Nothing is free in Azure. That notification costs less than $2 every month. That’s right: about $2. And for that cost we know when our service had fallen down and can act on it.
When we built this app in Node, we had a long running Daemon process in the background to see reservation searches when creating rideshares. We moved this to function Azure because it allowed us to take advantage of already-integrated security benefits. With our Azure function running on a timer every five seconds, we could track the many successful runs and those few that failed over the previous thirty days.
We were able to run the same query on Application Insights and get even more information. You can go serverless in front of a queue so it’s receiving messages from an external cue and reacting appropriately. This allows you to set up a function as an API endpoint so you’re actually making web requests to your serverless function. One of the primary benefits (other than security) is that you’re only paying for the compute time you actually use. This then scales depending on the number of requests, particularly in the case of an API.

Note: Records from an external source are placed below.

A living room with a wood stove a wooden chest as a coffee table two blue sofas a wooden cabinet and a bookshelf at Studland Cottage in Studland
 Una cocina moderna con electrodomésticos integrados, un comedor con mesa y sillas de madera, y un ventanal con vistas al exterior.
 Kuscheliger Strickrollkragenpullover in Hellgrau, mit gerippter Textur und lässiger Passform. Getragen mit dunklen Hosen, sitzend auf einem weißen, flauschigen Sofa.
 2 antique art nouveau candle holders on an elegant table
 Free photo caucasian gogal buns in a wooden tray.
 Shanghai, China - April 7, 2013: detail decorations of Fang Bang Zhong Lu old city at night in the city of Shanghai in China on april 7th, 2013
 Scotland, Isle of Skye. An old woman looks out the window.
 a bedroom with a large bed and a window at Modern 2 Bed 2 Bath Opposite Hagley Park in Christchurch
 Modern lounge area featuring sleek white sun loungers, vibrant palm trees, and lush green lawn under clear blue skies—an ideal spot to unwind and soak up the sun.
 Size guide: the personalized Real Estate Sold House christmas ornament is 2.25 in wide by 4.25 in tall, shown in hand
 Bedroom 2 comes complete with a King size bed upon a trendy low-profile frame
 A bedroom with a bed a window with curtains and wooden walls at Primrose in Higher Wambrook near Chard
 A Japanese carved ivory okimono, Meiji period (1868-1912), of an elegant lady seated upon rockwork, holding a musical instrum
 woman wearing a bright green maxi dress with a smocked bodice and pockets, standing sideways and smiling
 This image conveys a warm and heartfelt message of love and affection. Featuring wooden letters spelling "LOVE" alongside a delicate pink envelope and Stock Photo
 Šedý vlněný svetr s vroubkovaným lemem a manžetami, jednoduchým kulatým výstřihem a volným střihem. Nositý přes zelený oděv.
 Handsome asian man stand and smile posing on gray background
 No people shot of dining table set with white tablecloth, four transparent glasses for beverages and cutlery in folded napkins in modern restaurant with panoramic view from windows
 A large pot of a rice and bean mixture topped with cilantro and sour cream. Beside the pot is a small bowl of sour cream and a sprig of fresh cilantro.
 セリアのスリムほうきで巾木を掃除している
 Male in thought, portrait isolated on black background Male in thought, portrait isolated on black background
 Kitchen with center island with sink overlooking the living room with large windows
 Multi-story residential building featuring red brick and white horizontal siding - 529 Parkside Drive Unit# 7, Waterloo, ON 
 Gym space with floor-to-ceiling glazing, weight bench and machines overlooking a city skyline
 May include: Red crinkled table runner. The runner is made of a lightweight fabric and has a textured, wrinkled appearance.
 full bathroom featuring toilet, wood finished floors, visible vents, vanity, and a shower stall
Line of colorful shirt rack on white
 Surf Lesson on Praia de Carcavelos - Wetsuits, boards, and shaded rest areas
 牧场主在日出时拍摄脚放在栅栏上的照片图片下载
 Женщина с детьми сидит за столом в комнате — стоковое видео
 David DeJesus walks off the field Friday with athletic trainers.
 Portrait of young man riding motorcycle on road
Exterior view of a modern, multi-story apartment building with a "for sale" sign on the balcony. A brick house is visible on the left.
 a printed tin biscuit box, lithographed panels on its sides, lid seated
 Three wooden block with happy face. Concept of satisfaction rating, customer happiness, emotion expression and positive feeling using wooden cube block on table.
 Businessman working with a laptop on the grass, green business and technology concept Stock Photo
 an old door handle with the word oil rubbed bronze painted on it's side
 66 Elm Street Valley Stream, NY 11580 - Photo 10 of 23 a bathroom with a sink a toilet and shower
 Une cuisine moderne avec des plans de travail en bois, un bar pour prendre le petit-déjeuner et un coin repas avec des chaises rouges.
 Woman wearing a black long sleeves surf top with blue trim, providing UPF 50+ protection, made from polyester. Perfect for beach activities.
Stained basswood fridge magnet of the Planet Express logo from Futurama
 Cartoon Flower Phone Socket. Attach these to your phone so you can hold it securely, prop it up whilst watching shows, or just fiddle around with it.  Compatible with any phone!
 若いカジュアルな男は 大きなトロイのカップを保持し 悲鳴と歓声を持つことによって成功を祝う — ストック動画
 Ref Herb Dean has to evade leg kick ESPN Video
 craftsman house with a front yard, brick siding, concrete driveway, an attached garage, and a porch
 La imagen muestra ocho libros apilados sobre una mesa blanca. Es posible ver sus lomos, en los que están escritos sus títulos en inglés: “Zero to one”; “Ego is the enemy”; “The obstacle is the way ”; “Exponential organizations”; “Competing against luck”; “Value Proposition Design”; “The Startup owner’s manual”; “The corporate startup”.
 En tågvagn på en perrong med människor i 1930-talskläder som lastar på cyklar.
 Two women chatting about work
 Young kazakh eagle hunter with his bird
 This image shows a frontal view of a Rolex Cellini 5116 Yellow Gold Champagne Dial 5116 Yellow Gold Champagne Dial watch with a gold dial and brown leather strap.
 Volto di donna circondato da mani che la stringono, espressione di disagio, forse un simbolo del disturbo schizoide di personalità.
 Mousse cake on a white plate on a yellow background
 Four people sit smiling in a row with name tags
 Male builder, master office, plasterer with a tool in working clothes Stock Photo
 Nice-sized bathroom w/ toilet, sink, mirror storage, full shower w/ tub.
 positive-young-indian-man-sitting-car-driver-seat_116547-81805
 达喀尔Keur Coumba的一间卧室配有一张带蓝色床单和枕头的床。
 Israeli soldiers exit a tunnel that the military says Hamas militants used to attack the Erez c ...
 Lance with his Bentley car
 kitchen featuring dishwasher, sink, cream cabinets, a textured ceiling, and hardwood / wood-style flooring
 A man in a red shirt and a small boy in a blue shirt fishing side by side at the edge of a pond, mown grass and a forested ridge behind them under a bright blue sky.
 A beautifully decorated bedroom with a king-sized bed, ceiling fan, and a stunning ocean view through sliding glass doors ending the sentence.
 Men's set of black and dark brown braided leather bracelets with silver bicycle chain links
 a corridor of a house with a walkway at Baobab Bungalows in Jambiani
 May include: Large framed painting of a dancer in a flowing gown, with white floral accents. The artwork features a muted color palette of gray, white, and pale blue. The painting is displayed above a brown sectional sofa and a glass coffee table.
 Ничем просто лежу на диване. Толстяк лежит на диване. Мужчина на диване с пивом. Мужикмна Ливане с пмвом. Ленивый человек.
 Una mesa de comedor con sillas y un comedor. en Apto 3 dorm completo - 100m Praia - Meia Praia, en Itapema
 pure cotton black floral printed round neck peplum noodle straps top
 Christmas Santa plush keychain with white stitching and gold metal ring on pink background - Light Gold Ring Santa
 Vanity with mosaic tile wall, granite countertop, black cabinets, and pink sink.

A few components of our app take longer than is convenient for an API. As a user seeking a rideshare, your experience needs to be simple. You want to click a button and get a quick “okay” confirmation.
In the API it takes a few seconds to go to MS Graph, where the user’s calendar lives, and update their calendar. Instead, what we do is send a message to a queue and the queue will spit responses back to a listener. Now, instead of living in an API, the listener could live in an Azure function in another application.
When I go into Azure, it can tell me how many messages were scheduled in one tab and in another the number of messages recently sent and received. I can schedule these messages with a queue. So if, for instance, I only want to call a shuttle for the user at the time that they request then I just tell my queue “Send me this message back again tomorrow afternoon at 4 p.m.”
One of the downsides is when this system is still only receiving and sending messages one at a time. There is a latency issue where, if you needed something to happen immediately, queues are perhaps not the best system because they don’t give you finely-tuned control over how quickly you receive those messages back. Yet, for us, it has been a solid system to initiate actions in the background on demand.
Most recently, we worked on enterprise level security. This requires a few extra steps to allow our application permission to read and write on everybody’s calendar.
We also want to make sure that our secrets are kept secret– so we use Key Vault. It’s another Azure service, and because everything is integrated and we’re in this Microsoft environment, the code runs in .NET core when the application runs and most of our configuration settings come from our own files. Then we’ll pop some environment variables in and connect Key Vault in order to throw all of our secrets into the config. This is accomplished in around six lines of code. I can use this method in various places where I might keep environment settings, mash them together, and then utilize them throughout the application– all without having to think about how that works or resort to customization.
Finally, in order to connect to Key Vault, we could use a password but the whole point of using Key Vault for passwords is so they are not in your code or anywhere else that’s easily compromised. So we use something called the “managed service identity” (Microsoft offers a helpful diagram to define this concept).
Our application is unique when it runs in Azure. It lives on a VM and has its own fingerprint. Rather than stating or requesting a key or password to get into that Key Vault, it’s like asking for a fingerprint. That is how we are accessing our secrets in Key Vault. We can also use this approach to access our database because we are really just trying to remove points of vulnerability and enable secure access.